These “shipwrecked”
individuals are given places to sleep for a few nights and experience the
island’s unique freedom, take part in bizarre rituals and social gatherings. Ed
has an exhausting and almost unwanted sexual awakening, taking young women into
his bed and listening to their stories. Over the long summer, the island fills
up with more and more visitors, official and unofficial. Yet as the radio in
the kitchen gradually reveals, there are now other ways to leave the country;
it is 1989 and the East German state is leeching around the edges.
The island
setting makes for great reading, aside from its structural role as a microcosm
of society (with the church, the bars, the army, the Stasi, etc.). There’s the
tangible temporary utopia of summer holidays, followed by the forlorn
atmosphere of an empty seaside resort in autumn. Seiler also gives us a lot of
loving detail about how the Klausner is run, even down to the finer points of
the washing up process. He describes all the people who work there minutely –
the crew of the ship, as he often puts it – detailing their strange tics and
their roles in the team, their favourite drinks, in some cases the way they
smell.
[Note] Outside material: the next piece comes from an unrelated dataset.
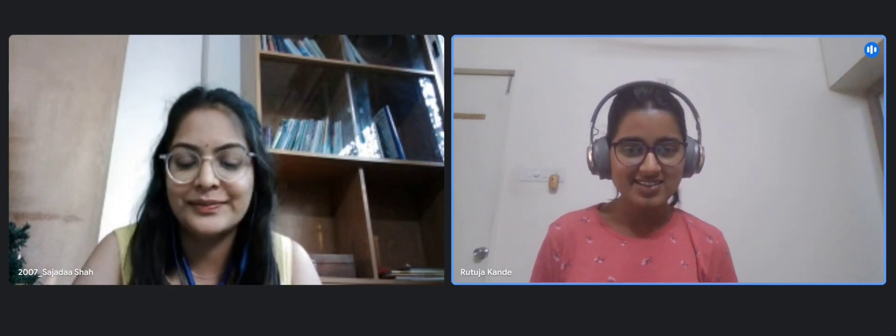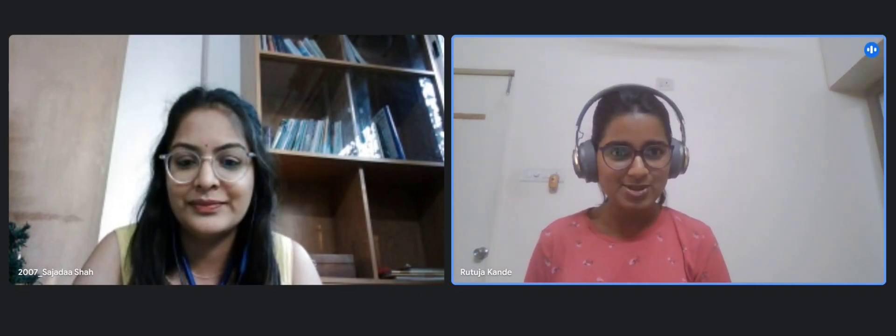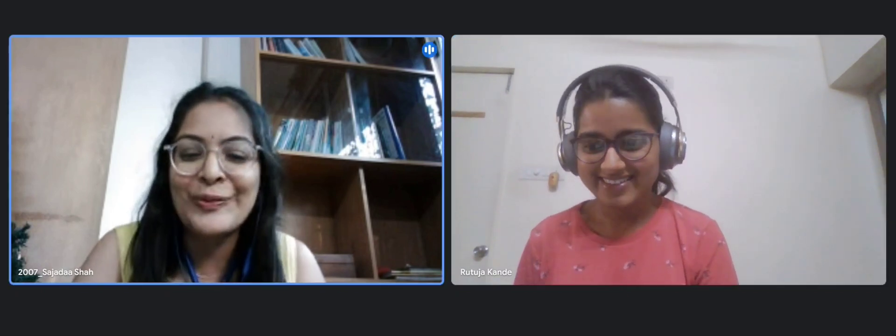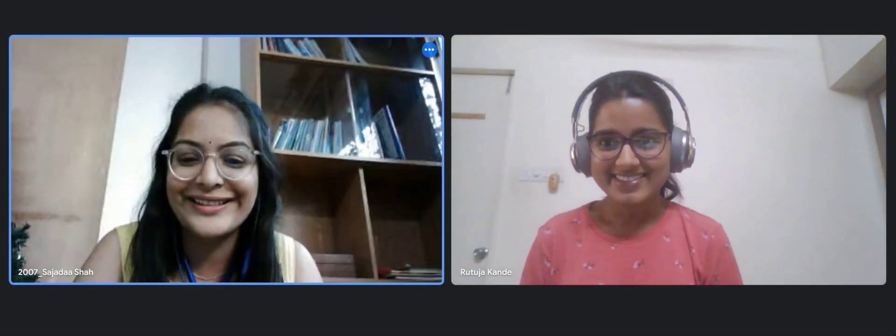Hello everybody, today we have Sajda with us. She is an upcoming intern at Amazon. Hi Sajda, many many congratulations! Thank you so much, thank you very much.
We feel Ed's and Kruso's, while all this close description makes the
atmosphere overwhelmingly powerful and moving, and can make the reading quite
gruelling at times.
Things come
to an initial climax on the “Day of the Island”, when all the seasonal staff
have a day off at the same time and stage a football tournament and a beach
party. The border guards mount a show of strength, Kruso is arrested, and Ed is
beaten to a pulp by a despised colleague. After that, nothing is the same. The
seasonal staff who gave the island its sense of freedom begin to disappear,
many of them travelling to Hungary and from there to the West. No more shipwrecked
runaways turn up to the rituals and the Klausener empties of both staff and
visitors as autumn draws in.
Eventually,
only Ed and Kruso are left, bound to each other by their friendship and trying
to keep the restaurant running on a shoestring. Drinking more than ever, they
both lose their grip on reality and when Kruso too disappears, Ed is desperate. Things come to a head and then to a sudden and nightmarish ending.
In an
epilogue, Seiler switches to a first-person narrator (Edgar Bendler), who
tells the story of how he tries to find Sonja after learning in 1993 that
Kruso had died. We find out that there are an estimated fifteen unidentified
corpses that washed up on the Danish coast between 1961 and 1989, presumed to
be East German refugees who drowned trying to swim across the Baltic. Twenty
years on, the narrator finally tracks down the records.
Kruso is a
highly literary novel, and yet very moving as well. It contains a great many
literary references, above all to Defoe’s Robinson
Crusoe. Ed is perfectly aware that he’s Kruso’s Friday, his loyal
assistant, and their relationship is one of the key aspects of the book – a
close and at times latently homoerotic friendship between two men, one of whom
is very much the leader and the other the follower. The novel also contains a
lot of poetry, especially by the expressionist Georg Trakl, perhaps because of
his presumed incestuous love for his sister. Seiler is extremely well respected
as a poet, and his precision makes his descriptions shine. He writes about
nature on the island, but also about stomach-churning details such as the mass
of grease and hair that gathers below the plugs in the kitchen sinks, which
Kruso buries beneath his herb garden in one of his obscure rituals – one of
several key scenes in which the two main characters bond, naked.
This loaded
style makes the book a slow read but a rewarding one. Seiler builds tension
incredibly well as his characters drift further and further away from sanity,
tying in with the political developments. The novel is too complex to be taken
as a straightforward allegory for the breakdown of the GDR. But it does capture
the mood in East Germany’s young dropout subcultures, namedropping the drinks
and the music and the fashions of the time in among its many layers of detail.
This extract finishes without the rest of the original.